К тому времени, когда мы с Инной стали захаживать к Костенкам — весной 56-го Веня и Мария жили вдвоем. Сергей был в Киеве, женился и даже получил какую-то комнату в полуподвале. Мария встречала нас радостно. Веня выглядел очень уютно под изящным абажуром его собственной работы, в старом кресле и с какой-нибудь книгой по искусству в руках. Казалось, что в доме этом царит мир и благодать. Правда, почему-то Веня не берет новой квартиры, которую как автор и строитель нового здания обкома уже давно и легко мог бы получить. Почему-то отдыхать в Крым, в санаторий «Украина» он едет сам, хотя легко мог бы «выбить» для себя две путевки и т. п. Что-то здесь назревало, кто-то потихоньку развязывал узел. Но развязала его судьба — в декабре того же года Мария была в Киеве у Сергея, помогала ему ремонтировать его комнату, и в мороз на улице ее схватил второй сердечный приступ и не отпустил более. Хоронили ее в Харькове, на Лысогорском, там, где уже лежала ее старшая сестра, и передо мной впервые на несколько часов возник Сергей. Я его тогда не запомнил.
Не запомнился он мне и через год, когда он уже с новой своей женой — Светланой заехал к нам по пути из Сванетии, после отпуска посмотреть на нашего сына.

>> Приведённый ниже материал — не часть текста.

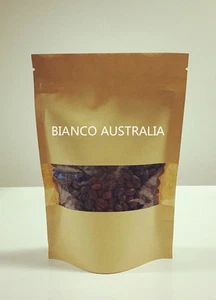 500 X KRAFT PAPER STAND UP POUCH BAGS, RECTANGLE WINOW, ZIP LOCK, VARIOUS SIZES - Picture 1 of 1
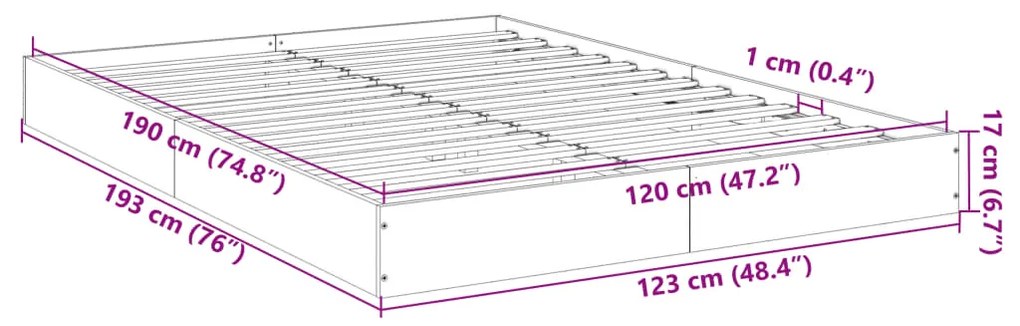 Estrutura cama s/ colchão derivados de madeira carvalho sonoma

Слишком поглощен был я своими заботами. И с Киевом он стал ассоциироваться в моем сознании далеко не сразу. В первый раз, если не считать взгляда из теплушки по пути в военные лагеря, и 1960 года, когда я по пути в Одессу самолетом использовал три часа пересадки в Киеве на то, чтобы сесть в такси и, объехав центр, вернуться в Жуляны, я попал в Киев в 1964 году тоже проездом из Львова, но на сей раз на целый день. И тогда этот город — родина моей бабки по отцу — показался мне бесконечно далеким и чужим, несмотря на всю его красоту. Появление у Киева человеческого лица и очарования связано для меня с Сергеем, и пришло это позднее, в 70-х, во время наших с ним встреч, прогулок и бесед.
Сколько же их было? Я вспоминаю и не могу вспомнить. Может быть потому, что они перемежаются его приездами в Харьков в эти годы то к умирающему отцу, то к тетке. Он бредил наследствами, бриллиантами, золотом, которых у него, во всяком случае, в этой его части жизни было совсем немного. В Харькове он появлялся у нас уже навеселе и деликатно ждал продолжения застолья, иногда доставая к столу из брючного кармана поллитровку какой-нибудь жужки, хотя я мог поклясться, что, когда он вошел, в кармане у него ничего не было. Я бы не удивился, если бы он, как Никулин в цирке, достал бы из того же кармана полный нерасплесканный стакан водки или той же жужки.